Le régime de Bachar el-Assad, conforté par le soutien militaire de la Russie, de l’Iran et des milices chiites, continue sa progression. Lundi soir, on apprenait que les forces régulières, soutenues par l’aviation russe et le Hezbollah libanais, s’étaient emparées de la ville de Cheikh Meskine, dans la province méridionale de Deraa, près de la frontière jordanienne. Une victoire clé, la ville constituant un carrefour stratégique menant au nord à Damas et à l’est, à la ville de Soueida, toutes deux tenues par le régime. Toutefois, la majorité de la province de Deraa reste aux mains des rebelles, issus surtout du Front al-Nosra. Les troupes du régime ont aussi progressé sur plusieurs fronts, dont celui de Lattaquié, au nord-ouest, et d’Alep, au nord.
Dimanche, les forces du régime se sont emparées de la localité de Rabia, qui constituait le dernier bastion rebelle stratégique dans la province de Lattaquié. Rabia était aux mains de l’opposition depuis 2012, en grande partie contrôlée par des groupes rebelles, composés de Turkmènes syriens et du Front al-Nosra. Là aussi, les frappes russes auraient joué un rôle crucial dans cette victoire. La prise de Rabia permet aux troupes loyalistes de couper les routes de ravitaillement des rebelles de la frontière turque vers le nord de la Syrie.
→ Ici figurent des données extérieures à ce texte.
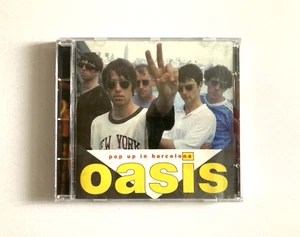 Oasis Live In Barcelona 1996 CD Pop Up NM/EX - Imagen 1 de 4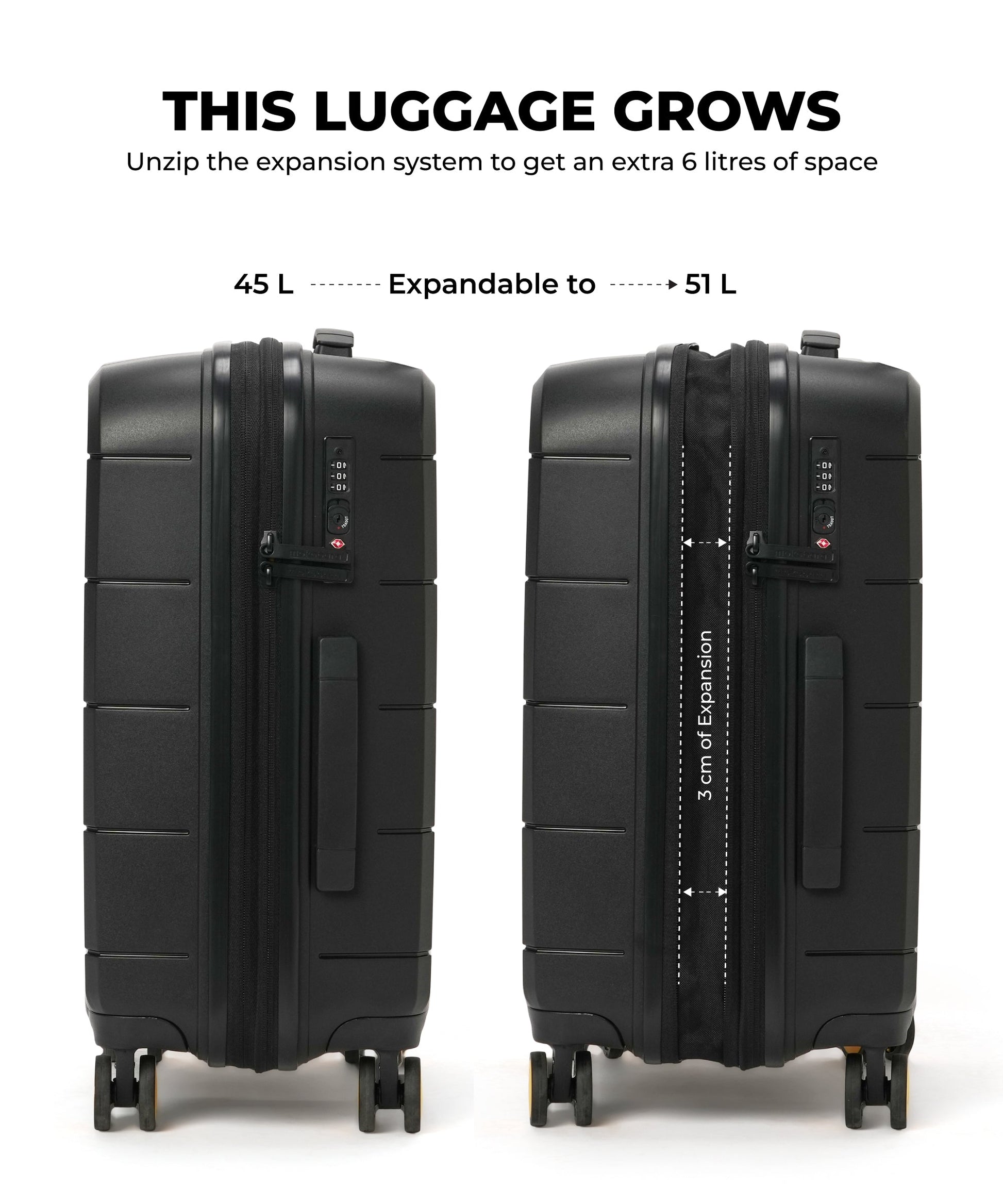Color_Crypto | The Hovercraft Cabin Luggage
Néanmoins, la partie est loin d’être gagnée pour les forces fidèles au régime. Mardi, un double attentat suicide a été revendiqué par l’Etat islamique contre un barrage militaire dans le quartier de Zahra, à Homs, tuant au moins vingt-cinq personnes, dont quinze soldats pro-régime.

Jenny Saleh
 

Al-Nosra, plus dangereux que Daech?
Alors que les efforts des coalitions engagées en Syrie portent essentiellement sur l’éradication de l’Etat islamique, un rapport de l’Institute for the Study of War et de l’American Enterprise Institute vient semer le doute. Selon les auteurs du rapport, parmi lesquels Fred Kagan, architecte de la «stratégie de projection en Irak» et Kim Kagan, ancienne conseillère du général David Petraeus, la filiale syrienne d’al-Qaïda, le Front al-Nosra, représenterait une plus grande menace pour les Etats-Unis que Daech, sur le long terme.
«Des attaques conjointes des deux organisations terroristes pourraient menacer l’économie mondiale et provoquer les sociétés occidentales à instaurer des restrictions intransigeantes en termes de libertés et de droits civils, créant ainsi un risque pour les valeurs et le mode de vie américains», indique le document.
«Bien qu’à l’heure actuelle le Front al-Nosra n’organise pas d’attaques en Occident, contrairement à Daech, il a un potentiel au moins tout aussi puissant», souligne Kim Kagan. «Al-Nosra se répand tranquillement au sein de la population et de l’opposition syriennes. Il attend son heure pour prendre le contrôle du jihad mondial, qui tombe aujourd’hui des mains de Daech», ajoute la politologue. D’après Kagan, al-Nosra a pris la décision tactique de ne pas attaquer l’Occident pour l’instant. «La priorité du commandement d’al-Qaïda consiste à assurer les succès en Syrie et à éviter de devenir une cible des USA», précise-t-elle dans le rapport.